Ma, Siwei; Yan, Xuedong; Billington, Jac; Merat, Natasha; Markkula, Gustav.
Afiliação
  • Ma S; MOT Key Laboratory of Transport Industry of Big Data Application Technologies for Comprehensive Transport, Beijing Jiaotong University, Beijing 100044, PR China. Electronic address: 22110287@bjtu.edu.cn.
  • Yan X; MOT Key Laboratory of Transport Industry of Big Data Application Technologies for Comprehensive Transport, Beijing Jiaotong University, Beijing 100044, PR China. Electronic address: xdyan@bjtu.edu.cn.
  • Billington J; School of Psychology, University of Leeds, Leeds LS2 9JT, UK. Electronic address: j.billington@leeds.ac.uk.
  • Merat N; Institute for Transport Studies, University of Leeds, Leeds LS2 9JT, UK. Electronic address: n.merat@its.leeds.ac.uk.
  • Markkula G; Institute for Transport Studies, University of Leeds, Leeds LS2 9JT, UK. Electronic address: g.markkula@leeds.ac.uk.
Accid Anal Prev ; 207: 107769, 2024 Sep 04.

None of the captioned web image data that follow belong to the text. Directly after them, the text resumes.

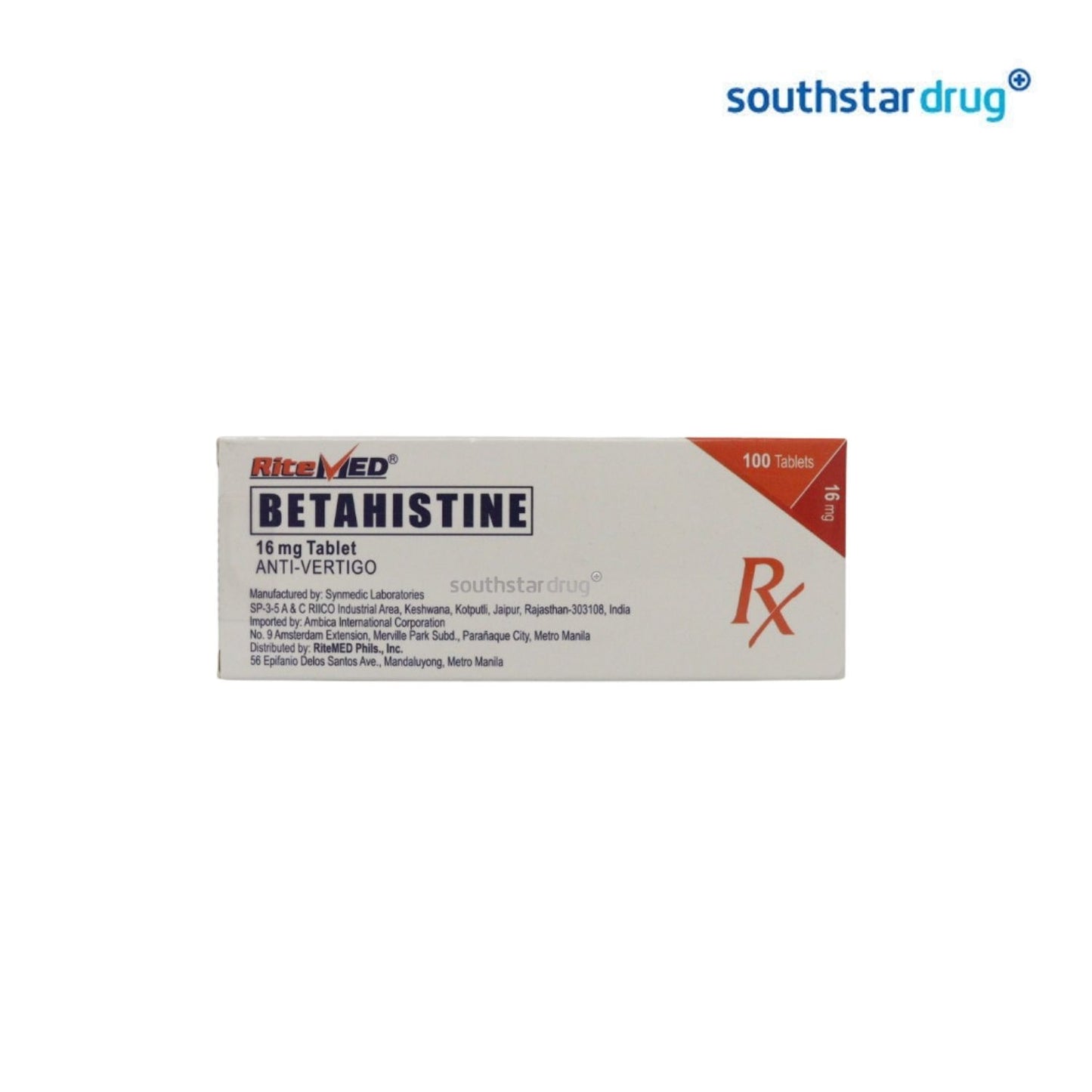 Rx: RiteMed Betahistine 16mg Tablet
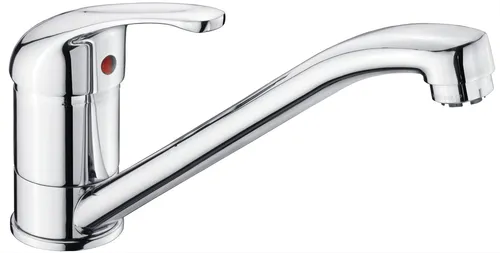 CORNAT Spültisch-Niederdruck-Einhebelmischer FABIO 52 - Hochwertige Bad-Armatur aus verchromtem Messing, mit schwenkbarem Auslauf und langlebiger Keramikdichtscheibe, ideal für Elektro-Niederdruckspeicher.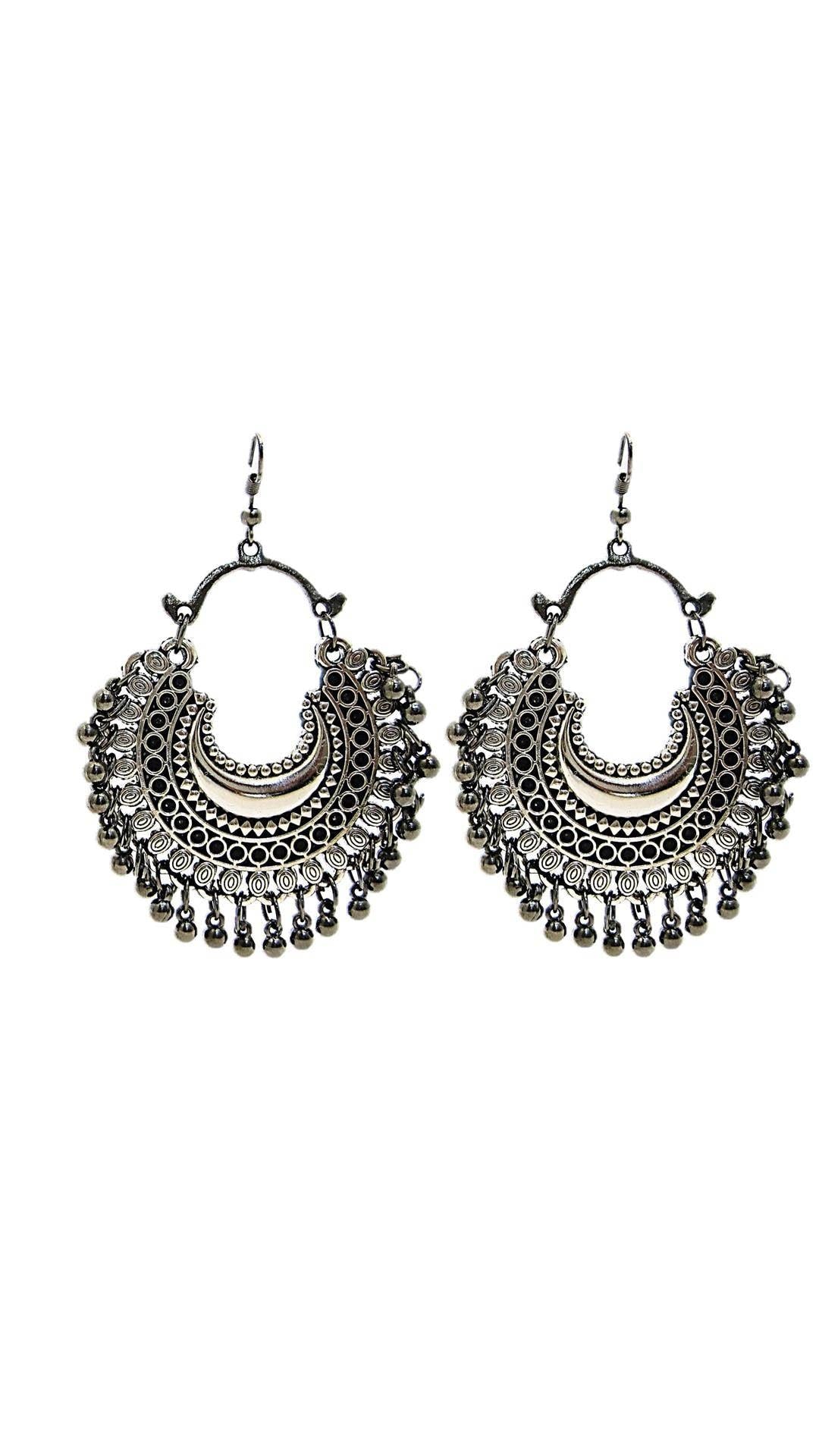 Silver-Plated Alloy Oxidised Designer Earrings - The Pari - Distacart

Article em En | MEDLINE | ID: mdl-39236441
ABSTRACT
Engaging in phone conversations or other cognitively challenging tasks while driving detrimentally impacts cognitive functions and has been associated with increased risk of accidents. Existing EEG methods have been shown to differentiate between load and no load, but not between different levels of cognitive load. Furthermore, it has not been investigated whether EEG measurements of load can be used to predict safety outcomes in critical events. EEG microstates analysis, categorizing EEG signals into a concise set of prototypical functional states, has been used in other task contexts with good results, but has not been applied in the driving context. Here, this gap is addressed by means of a driving simulation experiment. Three phone use conditions (no phone use, hands-free, and handheld), combined with two task difficulty levels (single- or double-digit addition and subtraction), were tested before and during a rear-end collision conflict. Both conventional EEG spectral power and EEG microstates were analyzed. The results showed that different levels of cognitive load influenced EEG microstates differently, while EEG spectral power remained unaffected. A distinct EEG pattern emerged when drivers engaged in phone tasks while driving, characterized by a simultaneous increase and decrease in two of the EEG microstates, suggesting a heightened focus on auditory information, potentially at a cost to attention reorientation ability. The increase and decrease in these two microstates follow a monotonic sequence from baseline to hands-free simple, hands-free complex, handheld simple, and finally handheld complex, showing sensitivity to task difficulty. This pattern was found both before and after the lead vehicle braked. Furthermore, EEG microstates prior to the lead vehicle braking improved predictions of safety outcomes in terms of minimum time headway after the lead vehicle braked, clearly suggesting that these microstates measure brain states which are indicative of impaired driving. Additionally, EEG microstates are more predictive of safety outcomes than task difficulty, highlighting individual differences in task effects. These findings enhance our understanding of the neural dynamics involved in distracted driving and can be used in methods for evaluating the cognitive load induced by in-vehicle systems.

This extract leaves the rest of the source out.